Quiere besarme las manos. Vuelvo a los torreones de madera del Altísimo contra
la Horda de Oro y pienso.
Decido
caminar a casa. Me ubico, mi cabeza tiene dotes de brújula. Voy tomando fotos
de grandes edificios en penumbra. Hace un poco de frío. Subo los escalones
hasta el piso quinto. El vecino está ahora con Credence en su tocadiscos. No lo
conozco, solo oigo. En la mesa de fórmica de la cocina acomodo una taza de
humeante café y tuesto chorizos con huevo revuelto. Pesado pan negro; pesado.
Venga la noche.
Tantas
tomas de lugares tantos. Comidas también. Delgados embutidos fritos con pickles
de pepino más cerveza ligera y dorada local. Infaltable pan oscuro, sólido como
un ladrillo. Arenques fríos y pepinillos al vinagre. Pido que añadan papa
frita. Cordero asado al estilo turco, en cama de arroz con azafrán, delicioso.

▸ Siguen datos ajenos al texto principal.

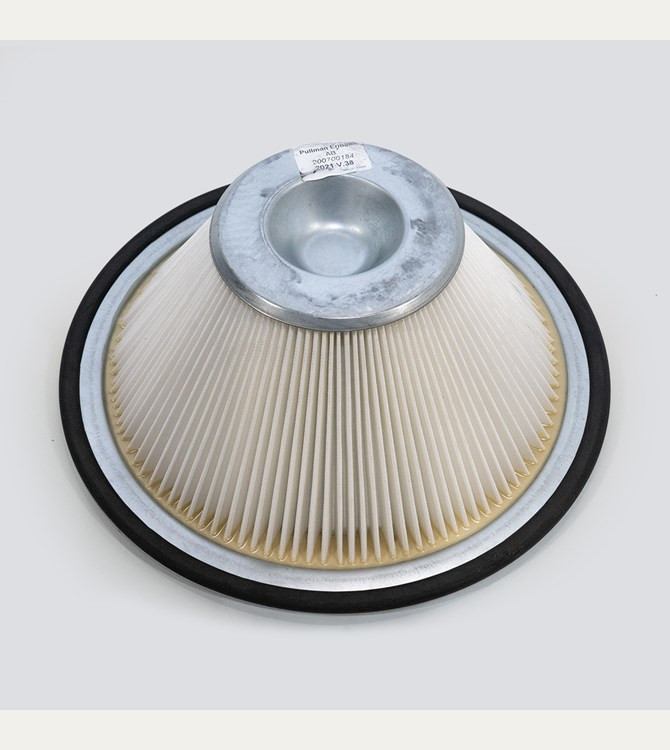Bona FOLDED (Pleated) COARSE CONE FILTER 1m2 II DCS 2.0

Alrededor de mi barrio, en la avenida transversal a la mía. El cordero en el
133 de la calle Saksahanskoho, lo anoté. No he visto en Kiev tanta comida callejera
como en Odessa, pero sí más vendedores de frutas y verduras. He escrito tantas
veces ya acerca de las granadas cuarteadas, pareciera la fruta preferida.

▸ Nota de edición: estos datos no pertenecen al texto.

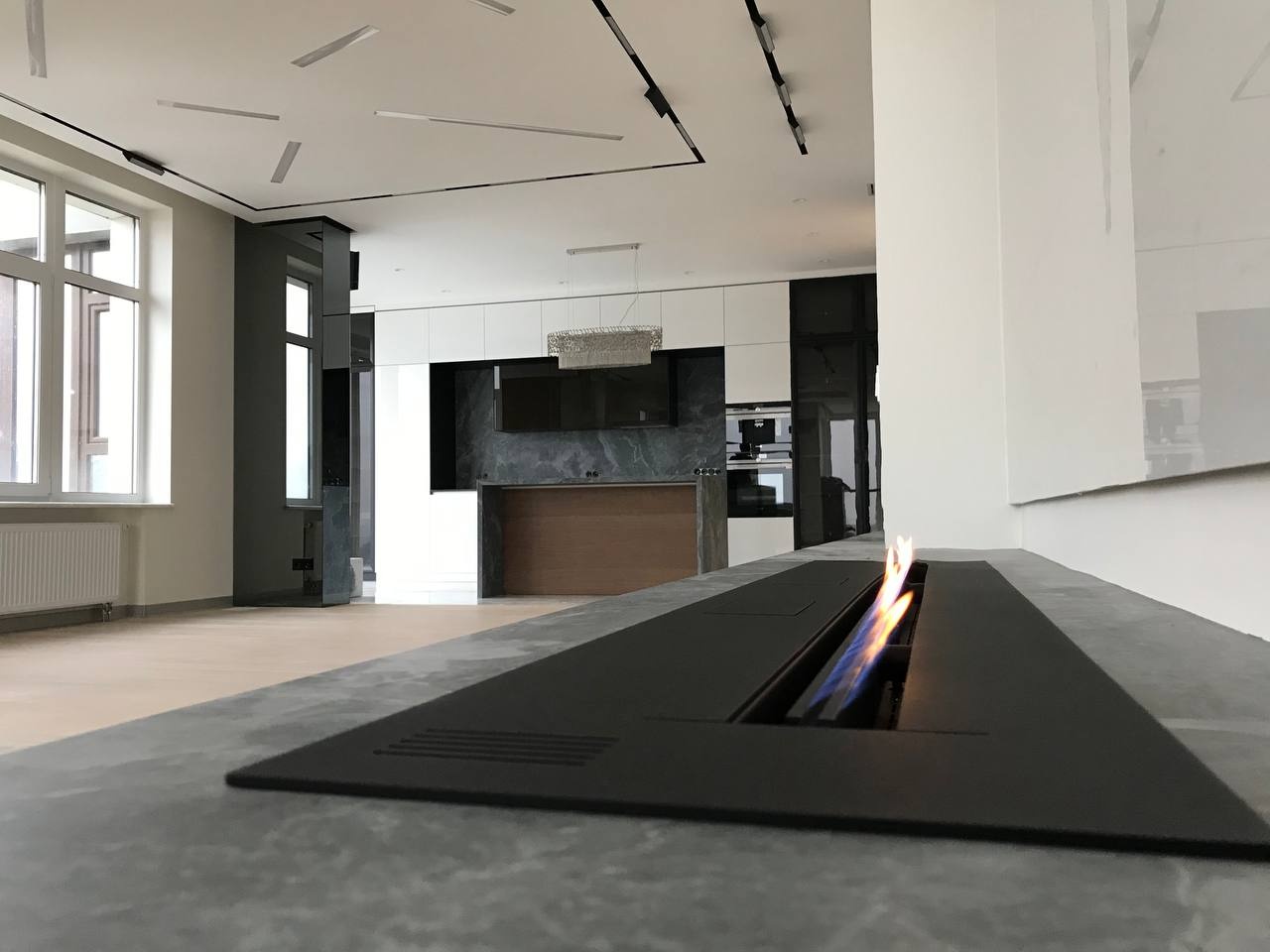 Chimenea eléctrica bioetanol AUTOMATIC 2000 13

Además de los cafés servidos desde automóviles abiertos parqueados en alguna
esquina. Viejitos de a pie, parejas, sentados en cajas de madera ofreciendo
café en vasitos de plástico, siempre con la anciana poniendo el azúcar y
batiéndolo con mínima cucharilla. Lo envuelvo en servilleta para no quemarme, o
en mi pañuelo, y voy observando buses repletos de gente, con emperatrices
colgando de las puertas, sin tocados de armiño sino simples pantalones vaqueros
al fin de las horas de trabajo.
Entro a una
tienda de recuerdos. Matrioskas de todo tipo y tamaño, con rostros de Putin en
grande y reduciéndose hasta el más pequeño: el calvo Ulianov. O lo opuesto,
siendo el menor el actual monstruo del Kremlin. Estoy seguro que esas piezas
desaparecieron, destruidas, quemadas como invocando el mal para los enemigos.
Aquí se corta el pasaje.